§ **Prompt**
Drop every picture and copy exactly the lines from the one with "2023 Hole Digger" through the last line of the listing below.

§ **Supplied data**
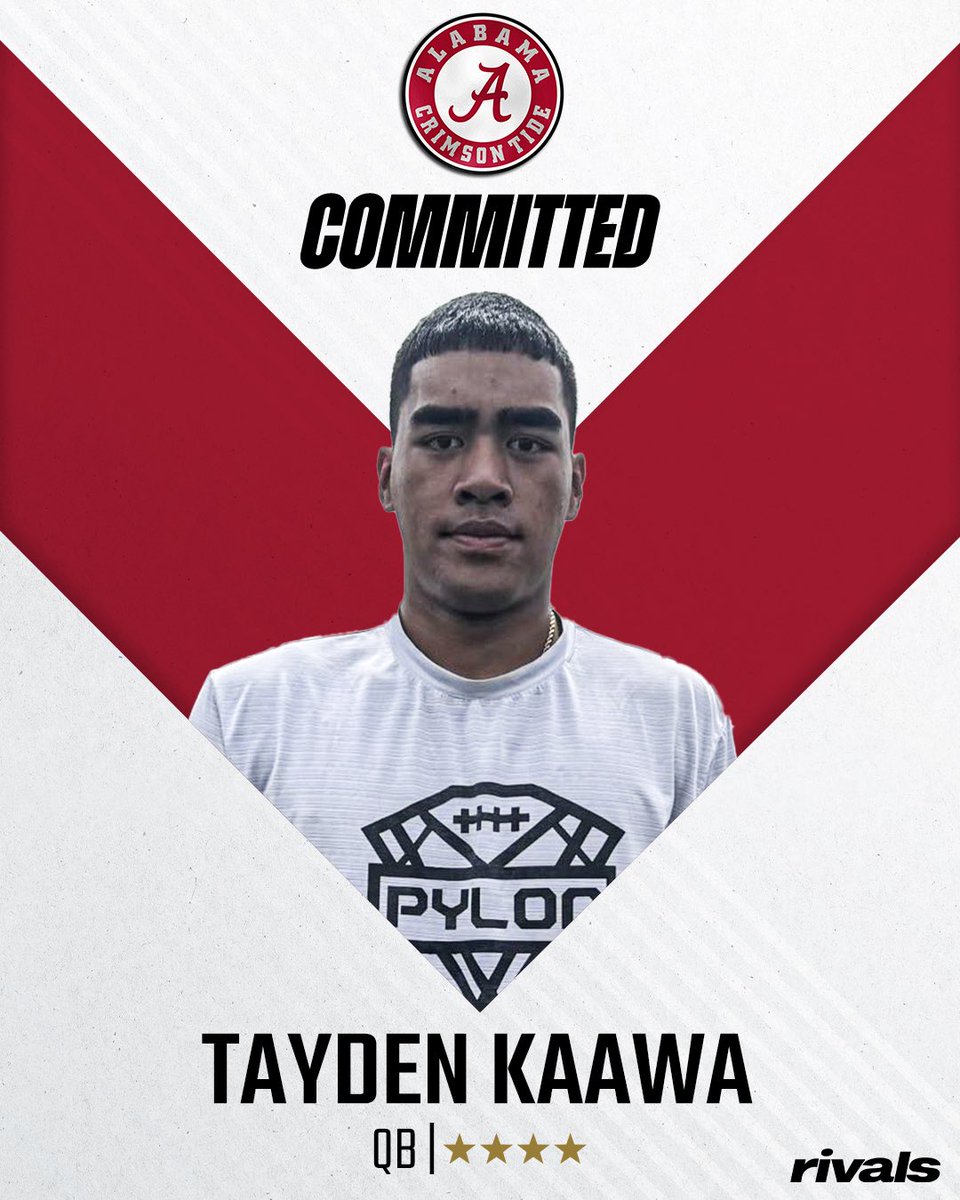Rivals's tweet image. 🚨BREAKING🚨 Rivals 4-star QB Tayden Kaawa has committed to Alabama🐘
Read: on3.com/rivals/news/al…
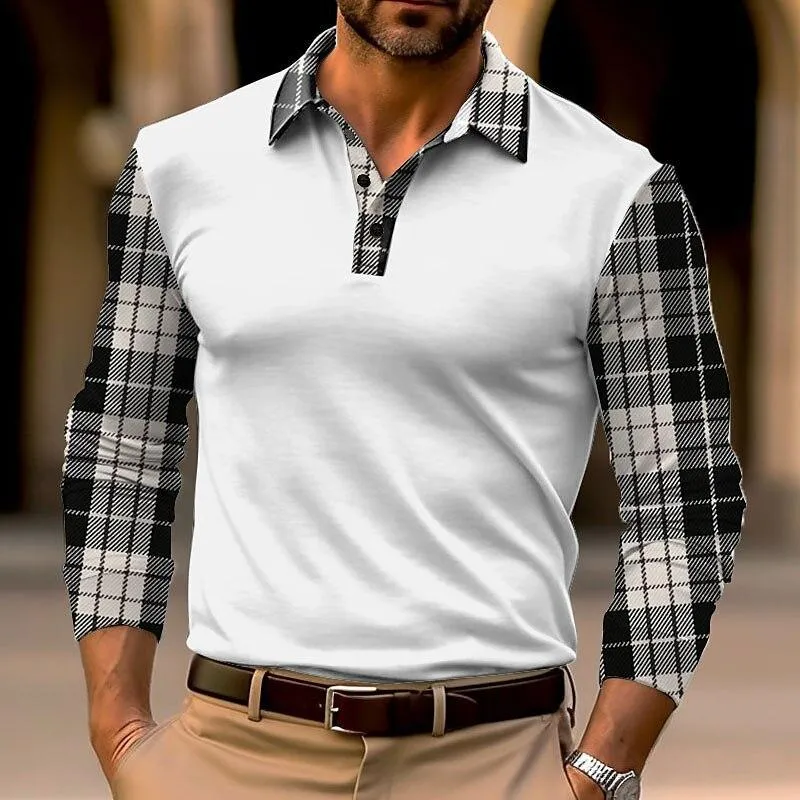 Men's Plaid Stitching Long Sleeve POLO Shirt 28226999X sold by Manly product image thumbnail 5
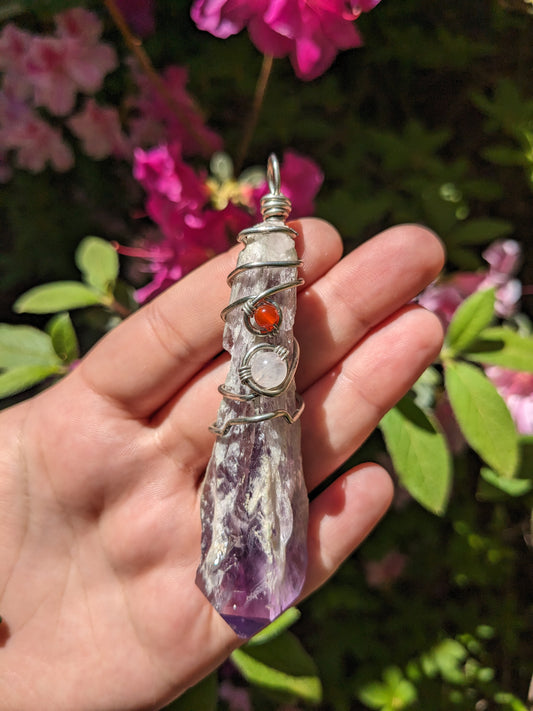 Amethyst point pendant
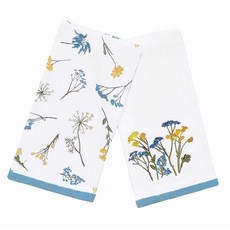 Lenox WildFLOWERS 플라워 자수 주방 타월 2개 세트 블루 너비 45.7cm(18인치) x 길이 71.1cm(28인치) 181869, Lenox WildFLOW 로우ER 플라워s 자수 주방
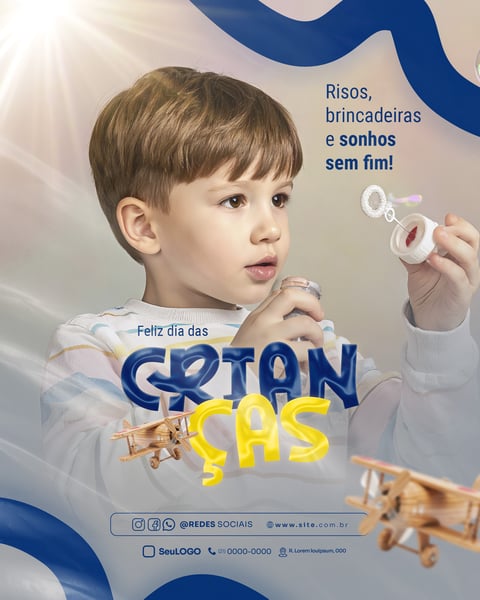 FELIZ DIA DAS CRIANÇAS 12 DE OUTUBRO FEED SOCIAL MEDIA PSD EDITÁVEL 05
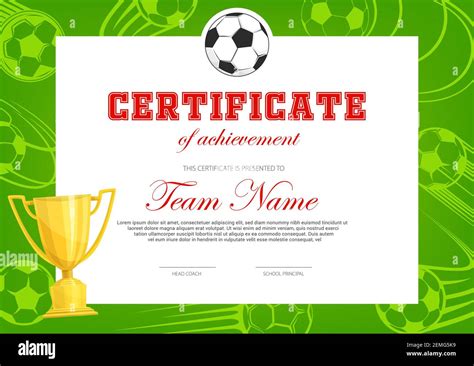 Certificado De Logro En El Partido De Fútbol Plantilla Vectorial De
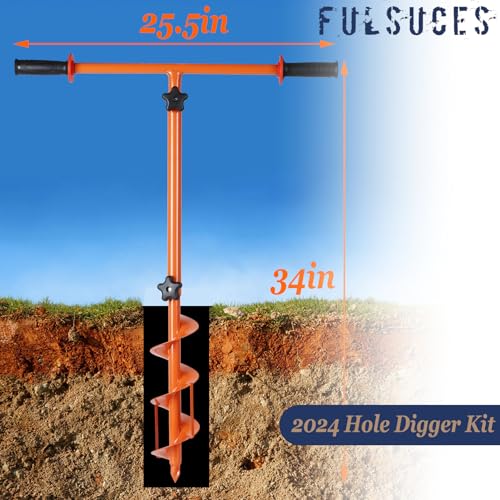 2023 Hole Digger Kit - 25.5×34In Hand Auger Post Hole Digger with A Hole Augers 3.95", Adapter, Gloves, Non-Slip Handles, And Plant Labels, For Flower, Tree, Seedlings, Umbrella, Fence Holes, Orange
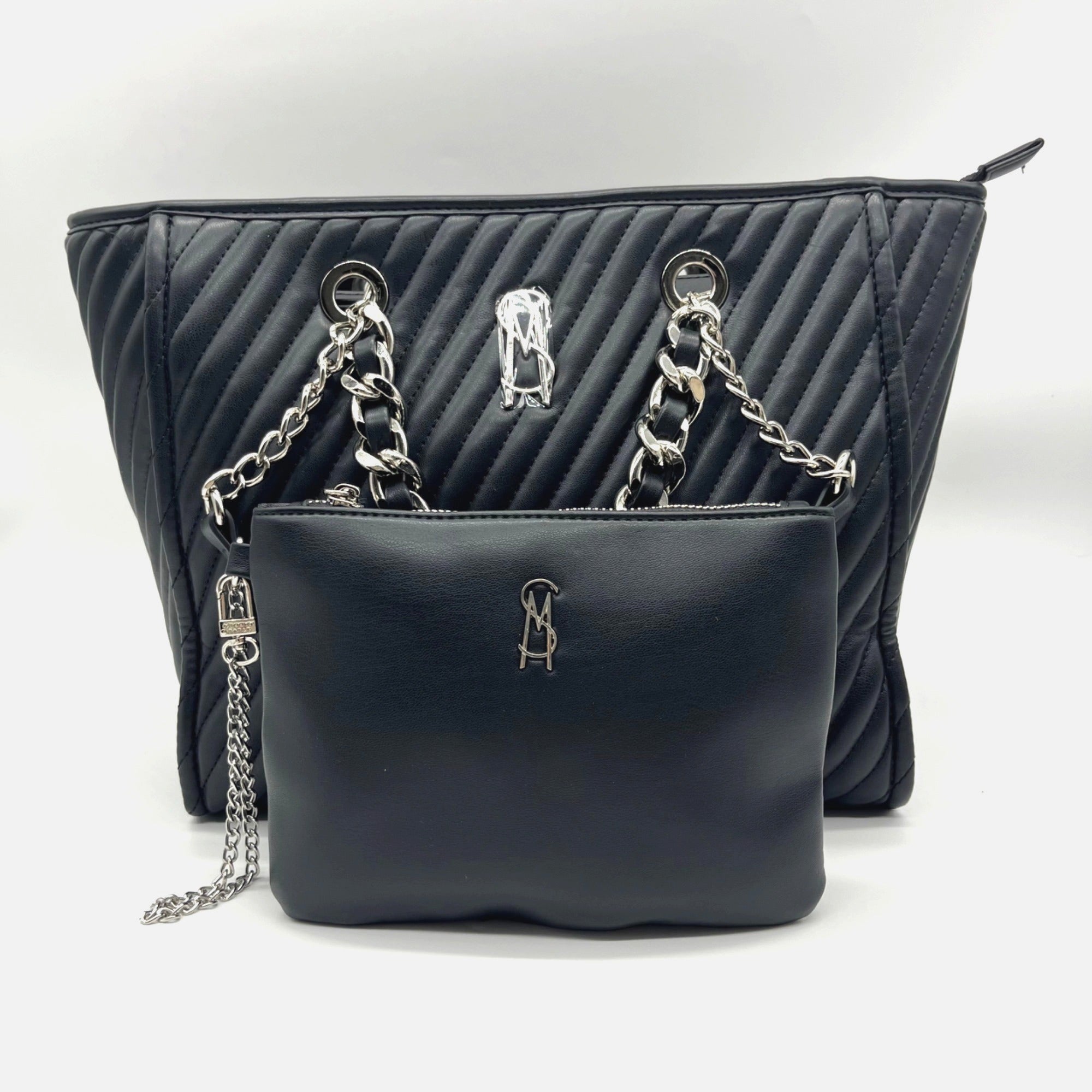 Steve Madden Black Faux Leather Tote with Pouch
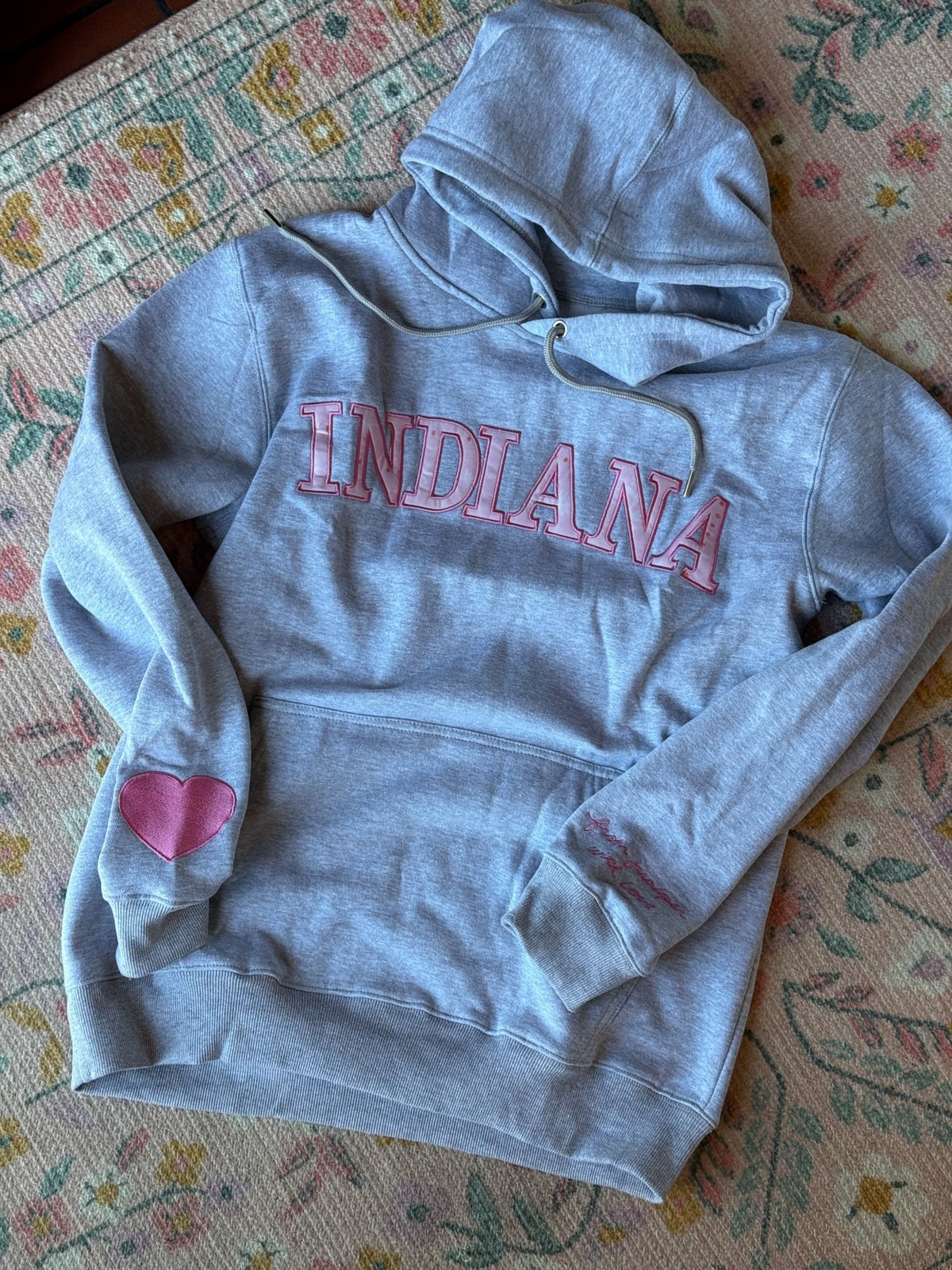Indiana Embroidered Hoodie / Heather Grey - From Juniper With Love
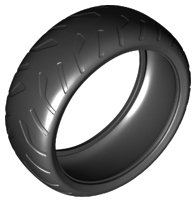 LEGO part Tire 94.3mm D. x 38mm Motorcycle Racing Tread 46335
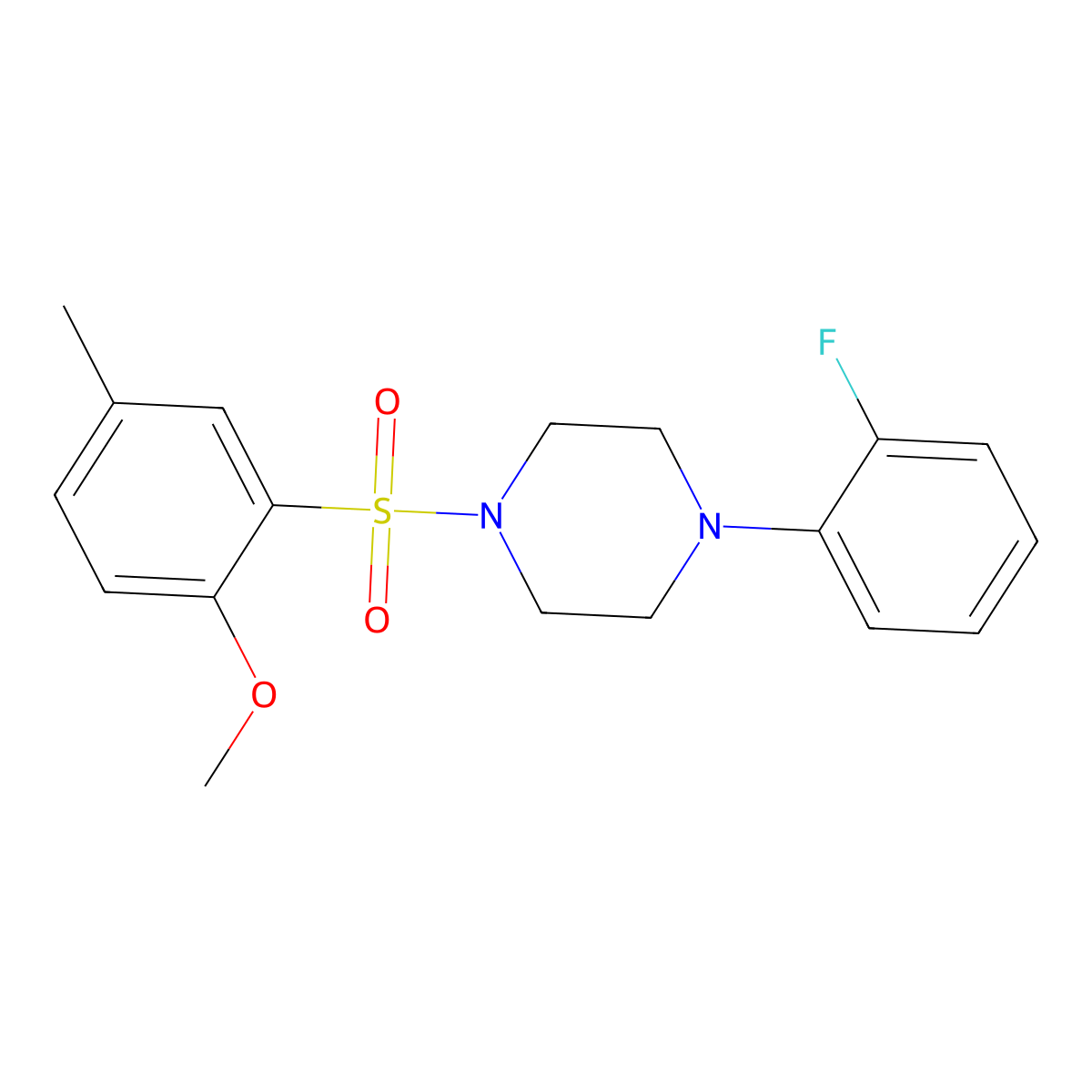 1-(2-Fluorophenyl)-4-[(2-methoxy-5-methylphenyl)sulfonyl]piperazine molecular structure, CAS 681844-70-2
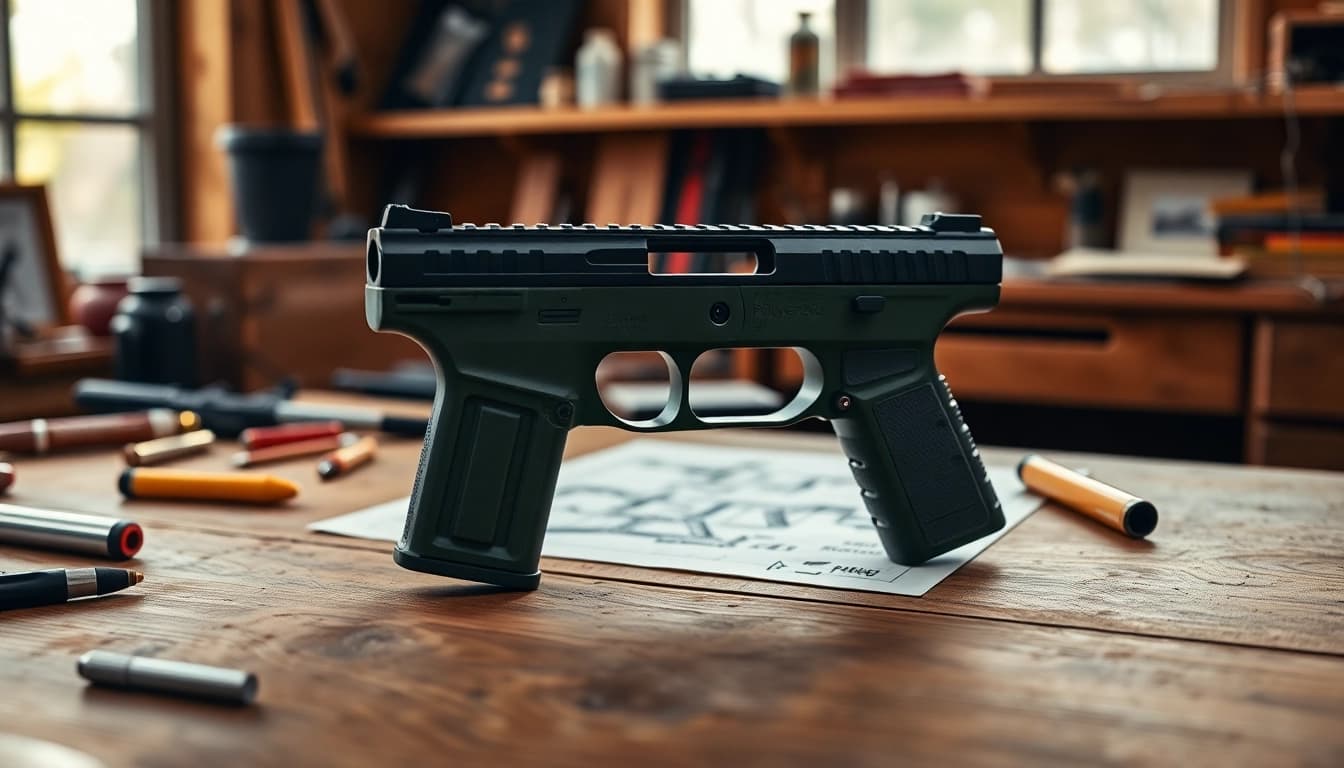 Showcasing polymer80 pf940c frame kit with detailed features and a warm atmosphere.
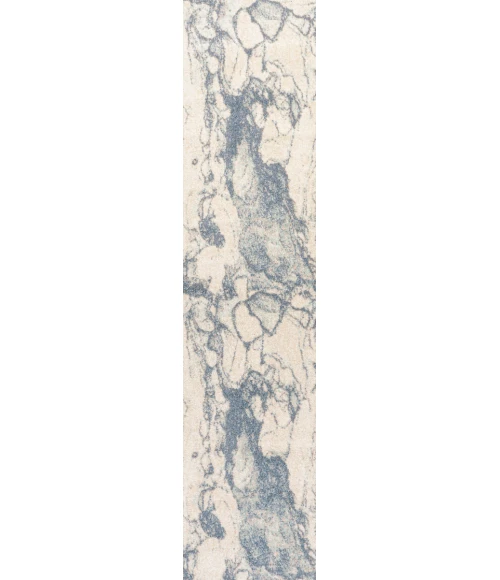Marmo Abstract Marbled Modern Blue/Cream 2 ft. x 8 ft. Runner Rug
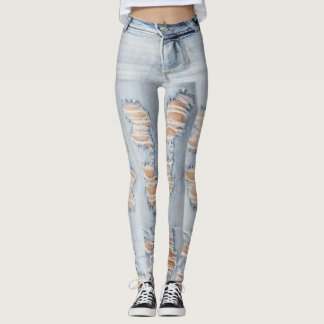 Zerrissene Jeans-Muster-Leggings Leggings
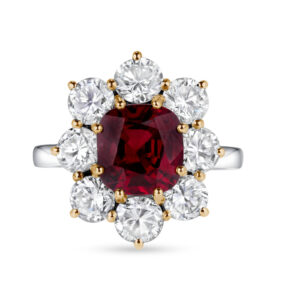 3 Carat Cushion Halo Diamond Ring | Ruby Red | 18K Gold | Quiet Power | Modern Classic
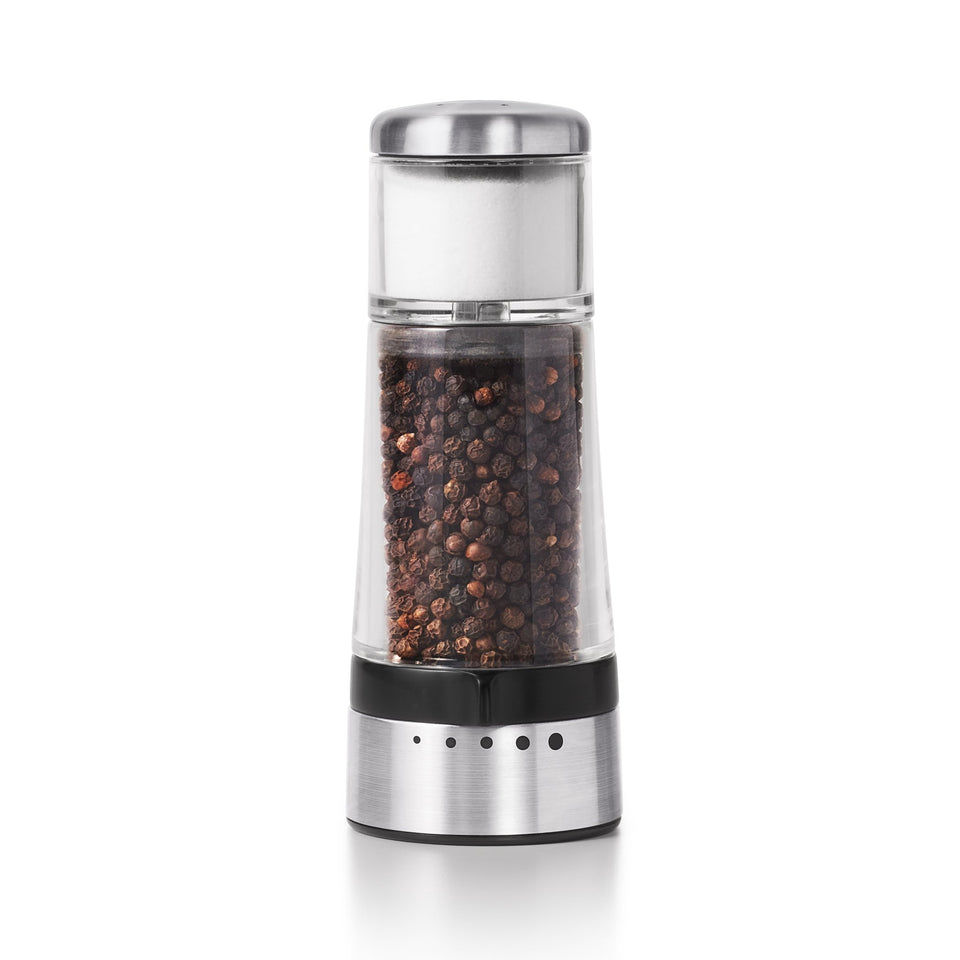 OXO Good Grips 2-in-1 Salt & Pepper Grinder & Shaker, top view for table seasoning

§ **Answer to the exercise**
 2023 Hole Digger Kit - 25.5×34In Hand Auger Post Hole Digger with A Hole Augers 3.95", Adapter, Gloves, Non-Slip Handles, And Plant Labels, For Flower, Tree, Seedlings, Umbrella, Fence Holes, Orange
 Steve Madden Black Faux Leather Tote with Pouch
Indiana Embroidered Hoodie / Heather Grey - From Juniper With Love
 LEGO part Tire 94.3mm D. x 38mm Motorcycle Racing Tread 46335
 1-(2-Fluorophenyl)-4-[(2-methoxy-5-methylphenyl)sulfonyl]piperazine molecular structure, CAS 681844-70-2
 Showcasing polymer80 pf940c frame kit with detailed features and a warm atmosphere.
Marmo Abstract Marbled Modern Blue/Cream 2 ft. x 8 ft. Runner Rug
 Zerrissene Jeans-Muster-Leggings Leggings
 3 Carat Cushion Halo Diamond Ring | Ruby Red | 18K Gold | Quiet Power | Modern Classic
 OXO Good Grips 2-in-1 Salt & Pepper Grinder & Shaker, top view for table seasoning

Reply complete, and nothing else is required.